Илья, потупившись, опять проговорил:
- Вина дай, беду наделаю.
- Брось, Илья! - сказал староста кротко, - право, брось, лучше будет.
Но не успел он еще выговорить этих слов, как Илья вскочил, ударил
кулаком в стекло и закричал во всю мочь:
- Не хотите слушать, вот вам! - и бросился к другому окну, чтоб и то
разбить.
Ильич во мгновение ока перекатился два раза и спрятался в углу печи,
так что распугал всех тараканов. Староста бросил ложку и побежал к Илье.
Дутлов медленно поставил фонарь, распоясался, пощелкивая языком, покачал
головой и подошел к Илье, который уж возился с старостой и дворником, не
пускавшими его к окну. Они поймали его за руки и держали, казалось, крепко;
но как только Илья увидел дядю с кушаком, силы его удесятерились, он
вырвался и, закатив глаза, подступил с сжатым кулаком к Дутлову.
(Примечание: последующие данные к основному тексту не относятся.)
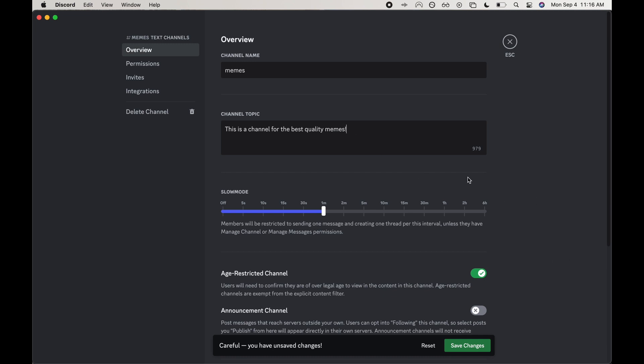And you do have, it looks like over a thousand characters, so you should be able to have a pretty good overview for your channel topic. I'm going to hit save here.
- Убью, не подходи, варвар! Ты меня загубил, ты с своими
сыновьями-разбойниками, ты загубил меня. Зачем они меня женили? Не подходи,
убью!
Илюшка был страшен. Лицо его было багровое, глаза не знали, куда
деваться; все его здоровое молодое тело дрожало как в лихорадке. Он,
казалось, хотел и мог убить всех троих мужиков, наступавших на него.
- Братнину кровь пьешь, кровопийца!
Что-то сверкнуло на вечно спокойном лице Дутлова. Он сделал шаг
вперед.
- Не хотел добром, - проговорил он, и вдруг, откуда взялась энергия,
быстрым движением схватил он племянника, повалился с ним на землю и с
помощью старосты начал крутить ему руки. Минут с пять боролись они; наконец
Дутлов с помощью мужиков встал, отдирая руки Ильи от своей шубы, в которую
тот вцепился, - встал сам, потом поднял Илью с связанными назад руками и
посадил его на лавку в углу.
- Говорил, хуже будет, - сказал он, задыхаясь еще от борьбы и оправляя
поясок рубахи, - что грешить? все умирать будем. Дай ему под голову армяк,
- прибавил он, обращаясь к дворнику, - а то голова затечет, - и сам взял
фонарь, подпоясался веревочкой и вышел опять к лошадям.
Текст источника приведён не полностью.